Computes the disparity map given the two rectified views.

dwStereo_getDisparity() can be called to retrieve the disparity map of the desired side.

// get disparity maps
const dwImageCUDA *disparityLeft, *disparityRight;
dwStereo_getDisparity(disparityLeft, DW_STEREO_SIDE_LEFT, stereoAlgorithm);
dwStereo_getDisparity(disparityRight, DW_STEREO_SIDE_RIGHT, stereoAlgorithm));

Step 8 (Optional): Get an estimation of the confidence associated with each map

In cases where further processing is performed, it can be useful to have an estimation of the confidence associated to each disparity map.
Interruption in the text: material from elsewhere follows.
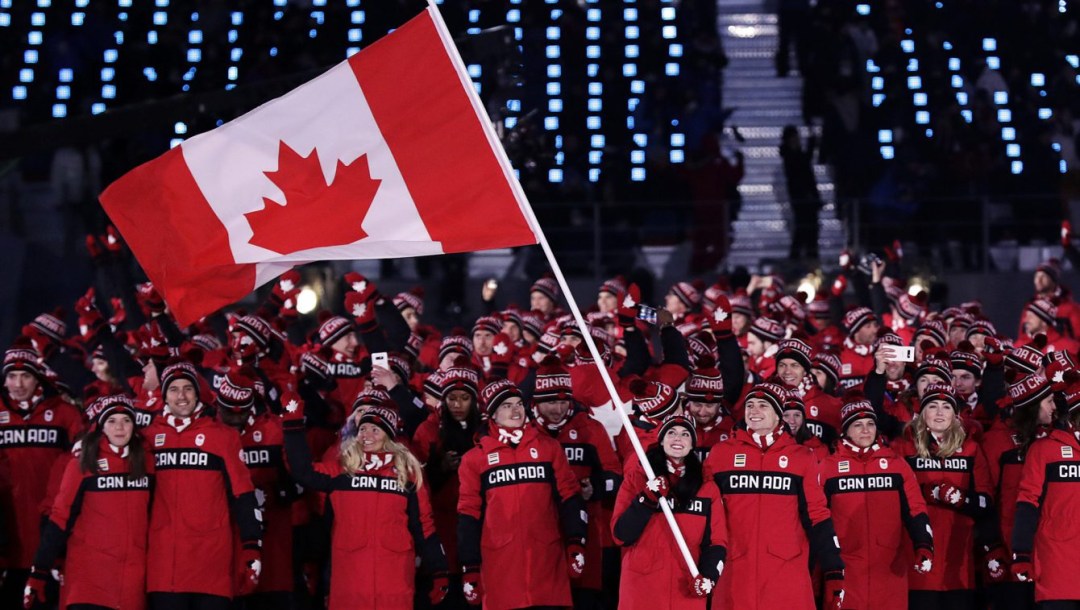 Des athlètes derrière les porte-drapeaux canadiens à la Cérémonie d'ouverture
To retrieve the confidence map of the corresponding disparity map, call dwStereo_getConfidence() as follows:

// get confidence maps
const dwImageCUDA *confidenceLeft, *confidenceRight;
dwStereo_getConfidence(confidenceLeft, DW_STEREO_SIDE_LEFT, stereoAlgorithm);
dwStereo_getConfidence(confidenceRight, DW_STEREO_SIDE_RIGHT, stereoAlgorithm);

Confidence is defined as an 8-bit value, where:

0 represents occlusion
1 represents an invalid disparity
Other values represent a confidence score where 255 is maximum and 2 is minimum

An occlusion is a region of the image that is visible in one stereo image but not in the other. An invalid disparity is found in regions containing no information, and its value has no confidence.

To obtain a real occlusion in the confidence map, both disparity maps must be computed. If only one is computed, then the occlusion can be roughly found among low confidence pixels in the confidence map.

Extracting a disparity map with a resolution lower than that of the input images can greatly improve the runtime and smoothness of the result. However, this improvement comes at the expense of edge precision and overall estimation accuracy.

Step 9: Release the stereo rectifier and stereo algorithm

Finally, release the stereo rectifier and stereo algorithm as follows:

// Release stereo rectifier
dwStereoRectifier_release(stereoRectifier);
 
// Release stereo module
dwStereo_release(stereoAlgorithm);

For more details see Stereo Disparity Sample, where it is shown how to perform image rectification and disparity estimation on a video pair. In the sample, horizontal lines are rendered to show how the pixels in both rectified images lay on the same horizontal line and the resulting disparity maps are visualized.